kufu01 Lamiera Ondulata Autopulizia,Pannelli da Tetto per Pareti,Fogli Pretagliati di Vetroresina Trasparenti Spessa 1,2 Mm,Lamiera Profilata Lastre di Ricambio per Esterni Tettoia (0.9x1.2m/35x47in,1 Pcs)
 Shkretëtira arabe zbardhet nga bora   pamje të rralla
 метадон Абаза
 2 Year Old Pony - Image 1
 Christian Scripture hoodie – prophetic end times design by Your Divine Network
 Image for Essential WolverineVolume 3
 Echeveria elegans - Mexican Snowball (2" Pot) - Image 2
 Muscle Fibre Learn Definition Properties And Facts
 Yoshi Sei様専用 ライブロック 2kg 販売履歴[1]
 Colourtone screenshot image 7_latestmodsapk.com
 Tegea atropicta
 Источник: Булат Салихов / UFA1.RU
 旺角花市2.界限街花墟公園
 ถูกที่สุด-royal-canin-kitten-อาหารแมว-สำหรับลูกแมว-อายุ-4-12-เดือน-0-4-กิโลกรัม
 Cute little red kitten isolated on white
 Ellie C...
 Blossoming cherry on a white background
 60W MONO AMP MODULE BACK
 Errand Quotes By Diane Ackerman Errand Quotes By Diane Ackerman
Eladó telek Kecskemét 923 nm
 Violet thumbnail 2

• **Task details**:
Copy, exactly and with nothing added, the lines from the one containing "Christian Scripture hoodie" through the end of the records.

• **Completed task**:
 Christian Scripture hoodie – prophetic end times design by Your Divine Network
 Image for Essential WolverineVolume 3
 Echeveria elegans - Mexican Snowball (2" Pot) - Image 2
 Muscle Fibre Learn Definition Properties And Facts
 Yoshi Sei様専用 ライブロック 2kg 販売履歴[1]
 Colourtone screenshot image 7_latestmodsapk.com
 Tegea atropicta
 Источник: Булат Салихов / UFA1.RU
 旺角花市2.界限街花墟公園
 ถูกที่สุด-royal-canin-kitten-อาหารแมว-สำหรับลูกแมว-อายุ-4-12-เดือน-0-4-กิโลกรัม
 Cute little red kitten isolated on white
 Ellie C...
 Blossoming cherry on a white background
 60W MONO AMP MODULE BACK
 Errand Quotes By Diane Ackerman Errand Quotes By Diane Ackerman
Eladó telek Kecskemét 923 nm
 Violet thumbnail 2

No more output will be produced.